The secret of longevity is in bats

by time news

The key to living longer may be held by a common little bat residing in the US, the great brown bat, which boasts an unusually long life span of up to 19 years. A study led by researchers from the University of Maryland (USA) identifies one of the secrets of the exceptional longevity of this bat: the hibernation.

“Hibernation has allowed bats, and presumably other animals, to remain in northern or very southern regions where there is no food in winter,” explains study lead author Gerald Wilkinson. “Hibernators tend to live much longer than migrants. We knew that, but we didn’t know if we would detect changes in epigenetic age due to hibernation.”

The scientists determined that winter hibernation prolongs the bat’s epigenetic clock – a biological marker of aging – by three-quarters of a year.

In the study, published in the journal “Proceedings of the Royal Society Bon”, in which scientists from McMaster University and the University of Waterloo, both in Ontario (Canada), also participated, small tissue samples taken from the wings were analyzed. of 20 great brown bats (Eptesicus fuscus) during two periods: in winter, when they hibernated, and in summer, when they were active. The bats, kept at a McMaster University research colony, ranged in age from less than a year to just over 10.

Once the samples were collected, changes in DNA methylation – a biological process associated with gene regulation – were measured between samples taken from the same animal during periods of activity and hibernation. They found that changes in DNA methylation occurred at certain locations in the bat genome, and that these locations seemed to affect metabolism during hibernation.

“It’s pretty clear that the sites that decrease methylation in winter are the ones that seem to have an active effect,” says Wilkinson. Many of the genes that are closest to them are known to be involved in regulating metabolism, so presumably they keep metabolism down.”

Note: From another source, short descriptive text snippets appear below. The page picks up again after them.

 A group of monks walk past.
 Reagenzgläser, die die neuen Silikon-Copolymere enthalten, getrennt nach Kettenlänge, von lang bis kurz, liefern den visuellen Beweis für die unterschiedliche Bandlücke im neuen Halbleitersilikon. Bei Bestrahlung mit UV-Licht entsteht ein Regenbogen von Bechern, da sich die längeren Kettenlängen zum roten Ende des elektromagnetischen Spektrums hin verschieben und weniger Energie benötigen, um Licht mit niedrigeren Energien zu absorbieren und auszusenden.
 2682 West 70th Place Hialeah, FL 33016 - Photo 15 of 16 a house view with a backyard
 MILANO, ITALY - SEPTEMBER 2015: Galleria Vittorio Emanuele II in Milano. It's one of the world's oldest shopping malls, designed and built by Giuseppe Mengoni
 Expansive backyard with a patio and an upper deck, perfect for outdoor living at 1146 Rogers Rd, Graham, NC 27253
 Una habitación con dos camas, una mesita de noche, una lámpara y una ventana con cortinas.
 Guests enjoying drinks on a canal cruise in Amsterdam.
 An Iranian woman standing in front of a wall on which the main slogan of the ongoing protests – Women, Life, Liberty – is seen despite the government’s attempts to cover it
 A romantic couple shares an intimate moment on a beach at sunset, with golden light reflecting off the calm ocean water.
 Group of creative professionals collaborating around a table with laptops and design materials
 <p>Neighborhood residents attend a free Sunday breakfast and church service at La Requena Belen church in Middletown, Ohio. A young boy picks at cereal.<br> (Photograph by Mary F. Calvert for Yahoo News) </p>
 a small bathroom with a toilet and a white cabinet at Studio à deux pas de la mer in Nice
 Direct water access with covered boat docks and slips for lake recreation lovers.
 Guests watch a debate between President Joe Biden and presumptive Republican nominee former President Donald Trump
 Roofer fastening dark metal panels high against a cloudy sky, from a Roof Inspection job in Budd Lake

Hibernation prolongs the bat’s epigenetic clock by three-quarters of a year

Some of these genes are the same ones that Wilkinson and other researchers identified as “longevity genes” in an earlier study.

Wilkinson points out that there is significant overlap between hibernation and longevity genes, highlighting the relationship between hibernation and life extension.

The earlier study also established the first epigenetic clock for bats, capable of accurately predicting the age of any bat in the wild. That clock was applied to this latest study, allowing the researchers to show that hibernation reduces a bat’s epigenetic age compared to a non-hibernating animal of the same age.

Studies like this one help explain why bats live longer than expected for a small mouse-sized mammal. However, they also raise new questions.

«We still don’t really know why some bats can live a long time and others don’t.Wilkinson says. “We have shown that long-lived ones share the ability to hibernate, or go into torpor frequently. That seems to be a corollary, but it’s not enough because other hibernating rodents don’t live 20 years.”

Wilkinson said he is planning a follow-up study to compare epigenetic aging in great brown bats in Canada, where they hibernate, with the same species in Florida, where they don’t hibernate. With this, Wilkinson hopes to get an even clearer picture of the role that hibernation plays in prolonging life.